4. Certain Representations. Each
Borrower represents and warrants that, as of the Waiver Effective
Date: (A) each Borrower has full power and authority to
execute this Waiver and the other documents executed in connection
herewith and this Waiver and such other documents constitute the
legal, valid and binding obligation of each Borrower enforceable in
accordance with their terms, except as enforceability may be
limited by general principles of equity and applicable bankruptcy,
insolvency, reorganization, moratorium, and other similar laws
affecting the enforcement of creditors’ rights generally; and
(B) no authorization, approval, consent or other action by,
notice to, or filing with, any governmental authority or other
person is required for the execution, delivery and performance by
each Borrower thereof. In addition, each Borrower represents that
after giving effect to this Waiver all representations and
warranties contained in the Credit Agreement and the other Loan
Documents are true and correct in all material respects on and as
of the Waiver Effective Date as if made on and as of such date
except to the extent that any such representation or warranty
expressly relates solely to an earlier date, in which case such
representation or warranty is true and correct in all material
respects as of such earlier date.
5. Agreement Regarding Redetermination of
the Borrowing Base in September 2018. The parties
hereto agree that the Borrowing Base redetermination that was
contemplated by that certain Waiver and Third Amendment to Credit
Agreement dated as of July 31, 2018, to occur on or about
August 15, 2018, shall be, and hereby is, postponed until
on or about September 15, 2018 (the “September 2018
Redetermination”), whereupon the Borrowing Base shall
be redetermined based on the Engineering Reports most recently
provided by the Borrowing Agent to the Administrative Agent and the
Lenders, as well as any additional reports, data, or supplemental
information reasonably requested by the Required Lenders.

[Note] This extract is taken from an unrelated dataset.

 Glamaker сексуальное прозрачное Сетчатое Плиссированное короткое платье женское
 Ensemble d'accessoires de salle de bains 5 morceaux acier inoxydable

Each of
the Borrowers, on the one hand, and the Administrative Agent and
the Lenders, on the other hand, agree and acknowledge that the
September 2018 Redetermination shall not constitute an Interim
Redetermination (or a Scheduled Redetermination).
6. No Further Amendments or
Waivers. Except as amended or waived hereby, the Credit
Agreement and the Loan Documents shall remain unchanged and all
provisions shall remain fully effective between the
parties.
7. Acknowledgments and Agreements.
Each Borrower acknowledges that on the date hereof all outstanding
Obligations are payable in accordance with their respective terms,
and each Borrower waives any defense, offset, counterclaim or
recoupment with respect thereto. Each Borrower, the Administrative
Agent and each Lender do hereby adopt, ratify and confirm the
Credit Agreement, as amended hereby, and the Loan Documents and
acknowledge and agree that the Credit Agreement, as amended hereby,
and the Loan Documents are and remain in full force and effect.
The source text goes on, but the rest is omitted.